### PROBLEM TO WORK ON
Return exactly the lines of the entries that start at the line containing "上半年医用成像器械设备公开采购数据公布" and continue to the last line. Omit the pictures.

(Records from a data source)
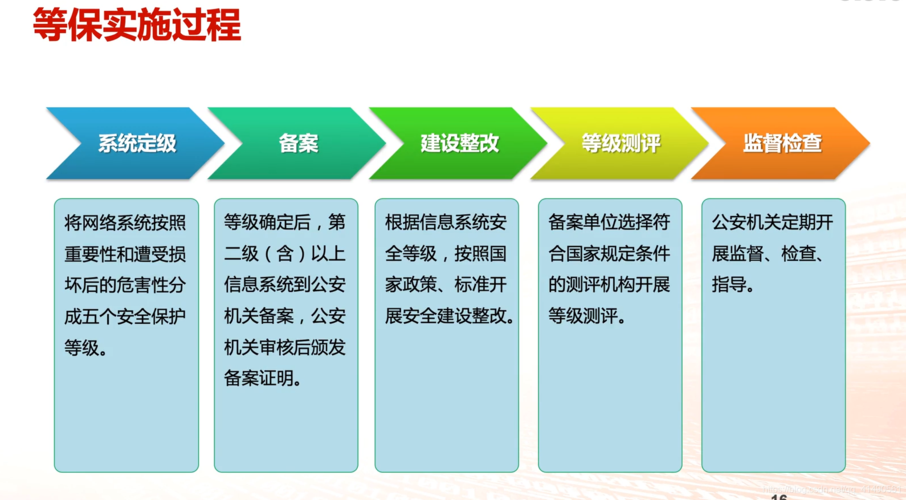 等保体系建设_购买等保建设助手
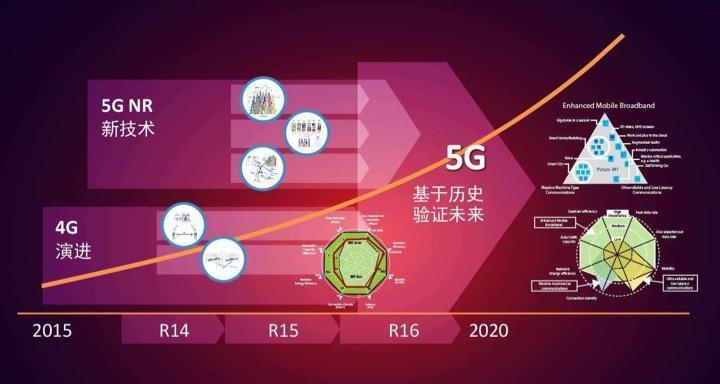 5G时代下的手机网络发展与日常生活影响：从1.5G到5G的巨变  第2张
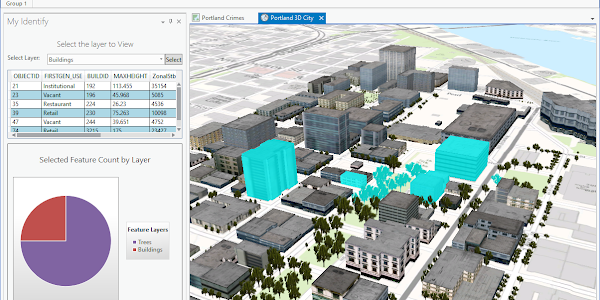 ArcGIS Pro 2.x Quick Start Tutorials - Learn the basics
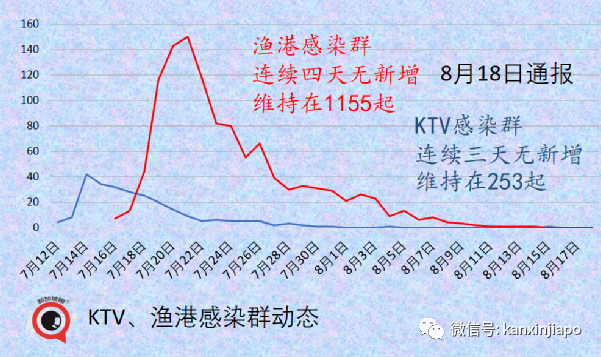 今增32 | 新加坡再放寬一波措施！舉辦千人演唱會、員工回辦公室、無需量體溫……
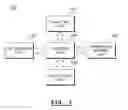 Fig. 03 - Apparatus and method for allocating resource in a wireless communication system using OFDMA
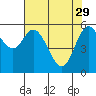 Barview Jetty tide chart for Saturday, April 29, 2023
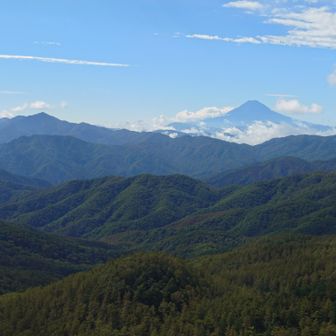 大菩薩嶺と富士山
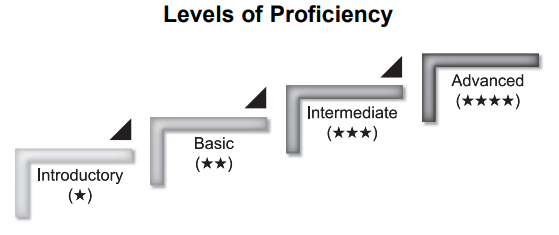 IATA CBTA - Levels of Proficiency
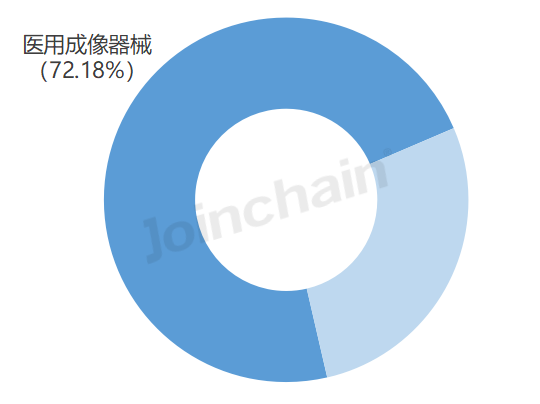 上半年医用成像器械设备公开采购数据公布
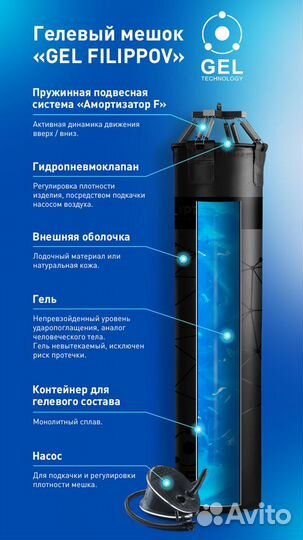 Боксерский мешок Гелевый GEL filippov из кожи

### RESPONSE FOR THIS EXERCISE
 上半年医用成像器械设备公开采购数据公布
 Боксерский мешок Гелевый GEL filippov из кожи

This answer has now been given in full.